Stdlib, what's in, what's out
On Tuesday, September 19, 2017 at 1:05:51 AM UTC-7, Stefan Behnel wrote:
> John Ladasky schrieb am 19.09.2017 um 08:54:
> > I have come to understand from your other posts that adding something to
> > the stdlib imposes significant constraints on the release schedules of
> > those modules. I can appreciate the hassle that might cause. Still,
> > now I wonder what I might be missing.
> There are many packages on PyPI that reimplement functionality of the
> stdlib in some "better" way, by their own definition of "better". Some are
> faster, some are more feature-rich, some have a better API, some focus on
> making specific special cases faster/easier/whatever.

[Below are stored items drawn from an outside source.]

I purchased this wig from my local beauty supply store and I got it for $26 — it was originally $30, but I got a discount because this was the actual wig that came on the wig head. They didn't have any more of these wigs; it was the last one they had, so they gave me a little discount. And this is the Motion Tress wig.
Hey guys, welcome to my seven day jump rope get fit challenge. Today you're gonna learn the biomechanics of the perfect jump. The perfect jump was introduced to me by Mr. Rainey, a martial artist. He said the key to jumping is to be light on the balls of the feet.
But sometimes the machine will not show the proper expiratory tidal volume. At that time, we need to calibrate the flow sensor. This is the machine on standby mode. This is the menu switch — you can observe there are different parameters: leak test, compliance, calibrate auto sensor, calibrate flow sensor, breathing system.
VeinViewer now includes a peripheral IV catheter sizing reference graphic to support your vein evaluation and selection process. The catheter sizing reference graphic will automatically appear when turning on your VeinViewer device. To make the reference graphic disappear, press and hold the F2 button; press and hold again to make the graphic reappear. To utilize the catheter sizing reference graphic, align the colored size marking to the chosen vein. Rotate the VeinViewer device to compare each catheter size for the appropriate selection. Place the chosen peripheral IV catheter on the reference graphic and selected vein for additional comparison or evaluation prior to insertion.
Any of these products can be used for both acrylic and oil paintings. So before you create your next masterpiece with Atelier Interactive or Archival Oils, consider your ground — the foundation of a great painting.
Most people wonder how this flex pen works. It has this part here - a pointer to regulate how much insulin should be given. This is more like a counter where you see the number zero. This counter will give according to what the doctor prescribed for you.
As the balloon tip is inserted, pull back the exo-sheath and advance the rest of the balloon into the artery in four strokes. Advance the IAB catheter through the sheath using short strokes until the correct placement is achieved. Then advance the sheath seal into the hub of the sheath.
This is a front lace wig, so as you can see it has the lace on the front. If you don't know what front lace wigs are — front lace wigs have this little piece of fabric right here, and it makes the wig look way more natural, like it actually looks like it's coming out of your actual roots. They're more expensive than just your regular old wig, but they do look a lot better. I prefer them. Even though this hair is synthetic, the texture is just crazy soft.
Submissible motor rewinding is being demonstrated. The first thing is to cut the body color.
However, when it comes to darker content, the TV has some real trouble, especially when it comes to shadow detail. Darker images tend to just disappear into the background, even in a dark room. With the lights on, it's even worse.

And of course I have found some other third-party packages: scipy, pandas, matplotlib, and PyQt5 are important for my work. I helped a student of mine get selenium running. In the case of PyQt, I found TKinter unsatisfactory many years ago, and went looking for better choices. I used wxPython first, when I was working in Py2. When wxPython was slow to migrate to Py3, I went searching again.
> The stdlib is there to provide a base level of functionality. That base
> level tends to be much higher up than in most other programming languages,
Very much agreed.
> but from the point of view of Python, it's still just a base level, however
> comfortable it might be.
> If you need specific features, more speed, can't live with a certain API or
> feel that you are wasting too much developer time by doing something the
> way you always did it,
And that's the tricky part. Maybe there's a better way out there that is helping other programmers, but it isn't well-publicized. Say what you want about the hassle it imposes on package developers, but the best advertisement is having your package in the stdlib where everyone will see it.
> If you can live with what the stdlib provides, stick to it. Keeping foreign
> dependencies low is also "better" in some cases.
Also agreed. Thankfully, my code doesn't run on any machines more than two doors down from my office. And although it has to run on Windows, Linux, and Mac, I can get my hands on every machine and install the packages my users need.